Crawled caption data
● ● ● ● ●
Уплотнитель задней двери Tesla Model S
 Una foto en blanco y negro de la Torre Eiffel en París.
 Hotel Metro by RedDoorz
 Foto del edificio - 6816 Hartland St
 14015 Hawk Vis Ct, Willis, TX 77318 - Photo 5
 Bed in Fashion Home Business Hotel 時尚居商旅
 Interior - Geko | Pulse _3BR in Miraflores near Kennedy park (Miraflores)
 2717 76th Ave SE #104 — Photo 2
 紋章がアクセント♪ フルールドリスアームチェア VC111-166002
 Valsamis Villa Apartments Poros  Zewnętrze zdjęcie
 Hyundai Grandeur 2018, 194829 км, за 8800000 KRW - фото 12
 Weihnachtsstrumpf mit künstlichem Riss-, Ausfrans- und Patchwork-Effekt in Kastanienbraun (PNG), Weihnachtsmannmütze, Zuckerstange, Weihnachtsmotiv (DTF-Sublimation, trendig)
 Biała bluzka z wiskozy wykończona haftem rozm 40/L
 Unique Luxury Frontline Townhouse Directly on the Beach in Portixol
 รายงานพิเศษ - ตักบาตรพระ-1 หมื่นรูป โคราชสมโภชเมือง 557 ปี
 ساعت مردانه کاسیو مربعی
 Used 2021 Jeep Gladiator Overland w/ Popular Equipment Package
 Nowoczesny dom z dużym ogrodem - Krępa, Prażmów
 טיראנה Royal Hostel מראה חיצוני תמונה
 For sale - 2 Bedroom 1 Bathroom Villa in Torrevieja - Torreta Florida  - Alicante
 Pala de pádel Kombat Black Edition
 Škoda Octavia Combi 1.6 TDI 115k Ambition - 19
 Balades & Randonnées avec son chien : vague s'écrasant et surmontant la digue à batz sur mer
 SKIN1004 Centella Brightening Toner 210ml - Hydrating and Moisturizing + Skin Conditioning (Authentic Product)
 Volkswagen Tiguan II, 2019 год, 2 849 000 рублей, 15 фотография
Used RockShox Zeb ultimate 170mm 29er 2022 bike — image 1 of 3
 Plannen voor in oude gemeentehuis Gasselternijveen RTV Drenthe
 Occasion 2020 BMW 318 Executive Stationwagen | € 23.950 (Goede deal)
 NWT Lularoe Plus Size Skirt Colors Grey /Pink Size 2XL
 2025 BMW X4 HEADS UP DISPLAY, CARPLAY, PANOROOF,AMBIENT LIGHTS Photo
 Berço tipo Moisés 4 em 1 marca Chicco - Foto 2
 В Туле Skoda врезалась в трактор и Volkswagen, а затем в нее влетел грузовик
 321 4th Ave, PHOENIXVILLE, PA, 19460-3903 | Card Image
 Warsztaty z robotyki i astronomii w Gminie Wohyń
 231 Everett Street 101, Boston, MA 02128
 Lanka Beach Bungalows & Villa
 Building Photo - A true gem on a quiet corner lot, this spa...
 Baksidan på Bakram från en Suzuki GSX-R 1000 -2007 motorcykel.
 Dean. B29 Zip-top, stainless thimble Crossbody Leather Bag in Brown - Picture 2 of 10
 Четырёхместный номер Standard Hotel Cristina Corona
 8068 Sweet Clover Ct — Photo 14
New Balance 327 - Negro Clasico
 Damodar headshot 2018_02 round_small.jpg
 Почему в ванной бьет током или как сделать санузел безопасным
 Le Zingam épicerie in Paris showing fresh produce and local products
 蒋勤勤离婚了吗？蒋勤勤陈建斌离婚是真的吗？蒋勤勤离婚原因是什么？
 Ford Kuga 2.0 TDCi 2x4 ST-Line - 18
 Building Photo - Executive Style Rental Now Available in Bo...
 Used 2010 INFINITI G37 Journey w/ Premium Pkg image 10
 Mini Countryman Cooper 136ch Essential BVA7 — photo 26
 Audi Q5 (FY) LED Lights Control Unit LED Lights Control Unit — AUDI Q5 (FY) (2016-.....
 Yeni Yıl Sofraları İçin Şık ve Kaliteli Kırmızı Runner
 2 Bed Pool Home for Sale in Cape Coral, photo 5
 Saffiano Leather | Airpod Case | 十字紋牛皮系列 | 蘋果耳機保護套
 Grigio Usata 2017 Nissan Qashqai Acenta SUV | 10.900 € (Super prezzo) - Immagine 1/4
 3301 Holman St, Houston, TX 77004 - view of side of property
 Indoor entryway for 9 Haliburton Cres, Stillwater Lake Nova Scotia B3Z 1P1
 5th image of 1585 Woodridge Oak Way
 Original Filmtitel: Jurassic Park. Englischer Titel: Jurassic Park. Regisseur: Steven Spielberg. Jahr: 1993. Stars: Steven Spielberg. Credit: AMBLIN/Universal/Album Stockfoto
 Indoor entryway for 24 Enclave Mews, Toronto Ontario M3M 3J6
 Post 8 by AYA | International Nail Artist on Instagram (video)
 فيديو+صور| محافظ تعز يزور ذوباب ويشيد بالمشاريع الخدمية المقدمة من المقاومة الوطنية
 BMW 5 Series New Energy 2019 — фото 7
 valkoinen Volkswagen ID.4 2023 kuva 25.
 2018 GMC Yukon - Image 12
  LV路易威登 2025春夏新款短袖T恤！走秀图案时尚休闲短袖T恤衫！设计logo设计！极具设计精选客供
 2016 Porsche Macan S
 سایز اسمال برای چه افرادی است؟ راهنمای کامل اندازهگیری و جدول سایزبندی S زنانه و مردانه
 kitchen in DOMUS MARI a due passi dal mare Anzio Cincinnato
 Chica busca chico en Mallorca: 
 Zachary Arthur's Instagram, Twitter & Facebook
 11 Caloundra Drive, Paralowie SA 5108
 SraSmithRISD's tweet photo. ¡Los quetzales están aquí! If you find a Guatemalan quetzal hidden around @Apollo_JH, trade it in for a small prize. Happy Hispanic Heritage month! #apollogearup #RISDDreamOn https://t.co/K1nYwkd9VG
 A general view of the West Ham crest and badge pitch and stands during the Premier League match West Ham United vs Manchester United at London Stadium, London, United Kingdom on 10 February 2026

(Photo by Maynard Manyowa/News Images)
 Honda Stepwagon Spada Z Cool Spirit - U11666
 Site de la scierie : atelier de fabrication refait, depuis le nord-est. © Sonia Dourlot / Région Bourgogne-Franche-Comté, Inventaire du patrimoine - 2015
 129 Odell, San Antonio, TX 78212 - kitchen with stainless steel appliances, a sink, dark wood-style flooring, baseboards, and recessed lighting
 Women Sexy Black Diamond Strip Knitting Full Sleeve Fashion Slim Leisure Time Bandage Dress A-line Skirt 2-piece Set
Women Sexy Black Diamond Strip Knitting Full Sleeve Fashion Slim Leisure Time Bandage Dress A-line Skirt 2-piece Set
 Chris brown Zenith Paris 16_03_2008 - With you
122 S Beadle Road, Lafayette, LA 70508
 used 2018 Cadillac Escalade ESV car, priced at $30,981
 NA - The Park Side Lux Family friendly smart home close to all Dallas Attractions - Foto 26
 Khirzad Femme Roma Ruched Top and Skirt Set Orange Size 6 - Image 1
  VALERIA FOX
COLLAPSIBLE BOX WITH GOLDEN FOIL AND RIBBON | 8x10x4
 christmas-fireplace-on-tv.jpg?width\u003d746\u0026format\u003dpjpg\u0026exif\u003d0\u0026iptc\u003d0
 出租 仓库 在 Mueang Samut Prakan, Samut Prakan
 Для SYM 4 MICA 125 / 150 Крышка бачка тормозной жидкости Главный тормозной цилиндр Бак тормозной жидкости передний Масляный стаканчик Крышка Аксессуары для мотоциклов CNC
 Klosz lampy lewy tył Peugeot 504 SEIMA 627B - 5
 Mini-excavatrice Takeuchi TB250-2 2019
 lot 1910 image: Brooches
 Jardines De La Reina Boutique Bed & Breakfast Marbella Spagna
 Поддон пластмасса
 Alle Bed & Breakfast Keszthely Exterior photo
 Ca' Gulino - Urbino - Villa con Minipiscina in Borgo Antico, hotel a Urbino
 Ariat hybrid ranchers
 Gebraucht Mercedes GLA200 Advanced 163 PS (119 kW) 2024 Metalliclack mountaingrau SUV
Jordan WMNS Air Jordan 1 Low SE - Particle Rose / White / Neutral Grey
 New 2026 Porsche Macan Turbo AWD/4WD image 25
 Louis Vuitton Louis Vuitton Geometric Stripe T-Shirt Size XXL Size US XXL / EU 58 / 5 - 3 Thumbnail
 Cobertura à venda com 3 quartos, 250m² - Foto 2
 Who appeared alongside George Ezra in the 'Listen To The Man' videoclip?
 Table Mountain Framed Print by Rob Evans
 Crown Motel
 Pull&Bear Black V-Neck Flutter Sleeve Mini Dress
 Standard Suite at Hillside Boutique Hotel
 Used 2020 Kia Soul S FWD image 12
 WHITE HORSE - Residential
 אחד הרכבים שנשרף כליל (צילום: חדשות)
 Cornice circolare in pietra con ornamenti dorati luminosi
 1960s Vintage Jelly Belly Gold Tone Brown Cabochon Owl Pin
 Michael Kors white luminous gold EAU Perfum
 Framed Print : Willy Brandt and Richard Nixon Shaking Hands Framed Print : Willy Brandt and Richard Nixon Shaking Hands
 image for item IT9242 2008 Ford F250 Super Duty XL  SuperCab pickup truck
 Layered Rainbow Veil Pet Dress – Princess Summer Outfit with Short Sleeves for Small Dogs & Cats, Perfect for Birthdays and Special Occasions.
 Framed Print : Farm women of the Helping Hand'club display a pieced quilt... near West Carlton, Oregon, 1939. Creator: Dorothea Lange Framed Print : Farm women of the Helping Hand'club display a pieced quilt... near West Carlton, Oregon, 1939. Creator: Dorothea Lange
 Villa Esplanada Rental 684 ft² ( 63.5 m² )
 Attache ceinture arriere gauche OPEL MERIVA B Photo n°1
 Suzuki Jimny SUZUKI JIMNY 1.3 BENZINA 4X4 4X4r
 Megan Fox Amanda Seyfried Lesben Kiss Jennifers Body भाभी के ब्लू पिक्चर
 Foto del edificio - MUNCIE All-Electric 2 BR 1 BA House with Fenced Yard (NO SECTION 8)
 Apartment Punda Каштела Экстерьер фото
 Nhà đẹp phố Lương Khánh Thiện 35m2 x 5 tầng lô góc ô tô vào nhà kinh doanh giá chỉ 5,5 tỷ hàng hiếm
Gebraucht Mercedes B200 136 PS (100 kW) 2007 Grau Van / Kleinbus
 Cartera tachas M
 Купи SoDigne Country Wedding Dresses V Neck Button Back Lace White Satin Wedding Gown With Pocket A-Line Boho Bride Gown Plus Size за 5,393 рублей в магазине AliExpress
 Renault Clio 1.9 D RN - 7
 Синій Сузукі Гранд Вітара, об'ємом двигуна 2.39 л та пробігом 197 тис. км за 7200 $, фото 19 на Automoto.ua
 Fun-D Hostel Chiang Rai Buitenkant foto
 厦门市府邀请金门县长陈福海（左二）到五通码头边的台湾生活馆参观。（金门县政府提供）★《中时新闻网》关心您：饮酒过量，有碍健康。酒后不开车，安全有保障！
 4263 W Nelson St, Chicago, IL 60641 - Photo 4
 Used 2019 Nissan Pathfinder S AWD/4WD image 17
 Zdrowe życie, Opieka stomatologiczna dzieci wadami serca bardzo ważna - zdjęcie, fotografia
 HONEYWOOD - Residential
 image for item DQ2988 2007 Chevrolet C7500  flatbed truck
● ● ● ● ●
Goal of the exercise:
Of the entries above, repeat exactly the lines from the line with "Used 2020 Kia Soul S FWD image 12" through the line with "Shaking Hands Framed", both of them included.

Finished exercise:
 Used 2020 Kia Soul S FWD image 12
 WHITE HORSE - Residential
 אחד הרכבים שנשרף כליל (צילום: חדשות)
 Cornice circolare in pietra con ornamenti dorati luminosi
 1960s Vintage Jelly Belly Gold Tone Brown Cabochon Owl Pin
 Michael Kors white luminous gold EAU Perfum
 Framed Print : Willy Brandt and Richard Nixon Shaking Hands Framed Print : Willy Brandt and Richard Nixon Shaking Hands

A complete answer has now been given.